今回開発したセンサーデバイスと既存技術との比較 (クリックで拡大) 出典:科学技術振興機構(JST)

 同研究グループは、ナノスケール領域における熱を時間、空間的に制御する新しい概念をナノ分子センサーに導入することで、開発に成功したという。ナノワイヤ分子センサーは、酸化物材料から構成されるナノワイヤ表面で、ターゲット分子が酸化還元反応を起こすことで、ナノワイヤの電気抵抗値を変化させる。しかし、ナノワイヤ表面に酸化還元反応を生じさせるには、反応の活性化エネルギーを超える熱が必要だ。

 今回、微小なナノワイヤ構造に自己加熱法を適用することにより、小さなエネルギーで必要最低限のナノサイズ空間だけの熱を制御することを可能にした。また、ナノワイヤのマイクロ秒未満という熱緩和時間を利用したパルス自己加熱法を適用し、検出が必要な時のみに熱を時系列で制御可能。従来の方法では、高温時の電気抵抗値を測定する必要があったが、パルス自己加熱法はパルス加熱を停止している間に抵抗値が読み取れるので、センサー感度も向上する。これにより、ピコジュール程度の消費エネルギーで100ppb*)のNOx分子を電流検知できることを実証している。

*)ppb:parts per billon。1ppbは、1g中に0.000001mg含まれていることを指す

 さらに、今回の手法では、所定のナノサイズ空間だけにピンポイントで加熱することが可能なため、温度に弱いプラスチック基板上に分子センサーを搭載できるとした。
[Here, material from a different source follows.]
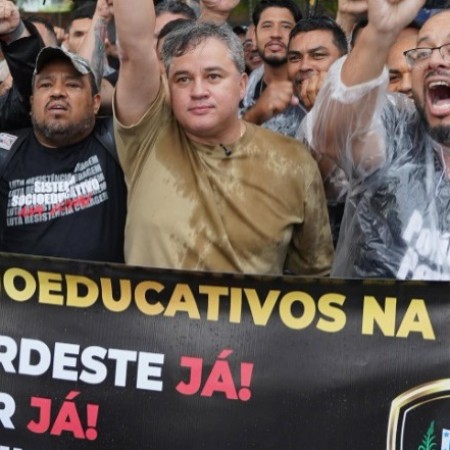 Senador Efraim Filho vai a ato das for�as de seguran�a da Para�ba: 'n�o merecem ter o pior sal�rio do Brasil'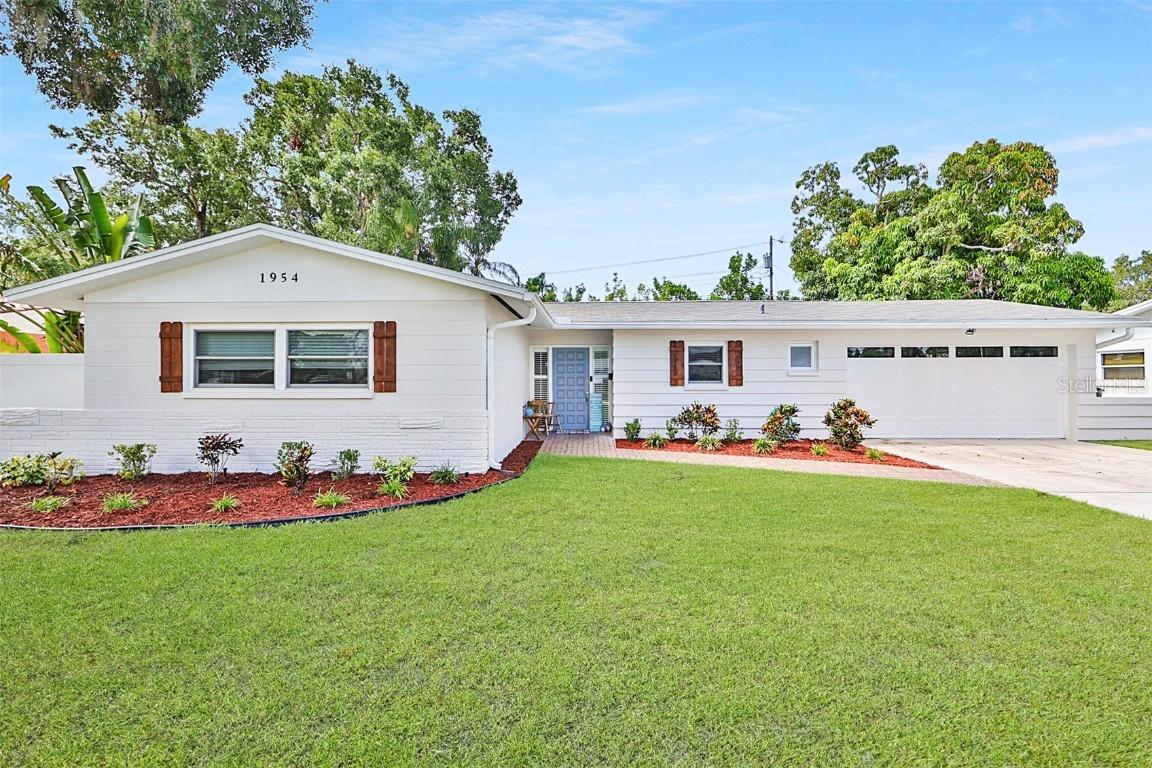 1954 67th Ave., St Petersburg, FL 33712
左=今回開発したサスペンドナノワイヤセンサーとパルス自己加熱法の概念図/右=NO2分子の分子の検出結果とプラスチック基板上におけるデバイス写真図 (クリックで拡大) 出典:JST

 実証した分子センサーは、健康状態に関連した揮発性化学物質を、携帯端末などで検知するといった応用が期待される。JSTはリリース上で、「危険物質の検出や肺がんマーカー分子などの電流検出への展開を見据えている」と語る。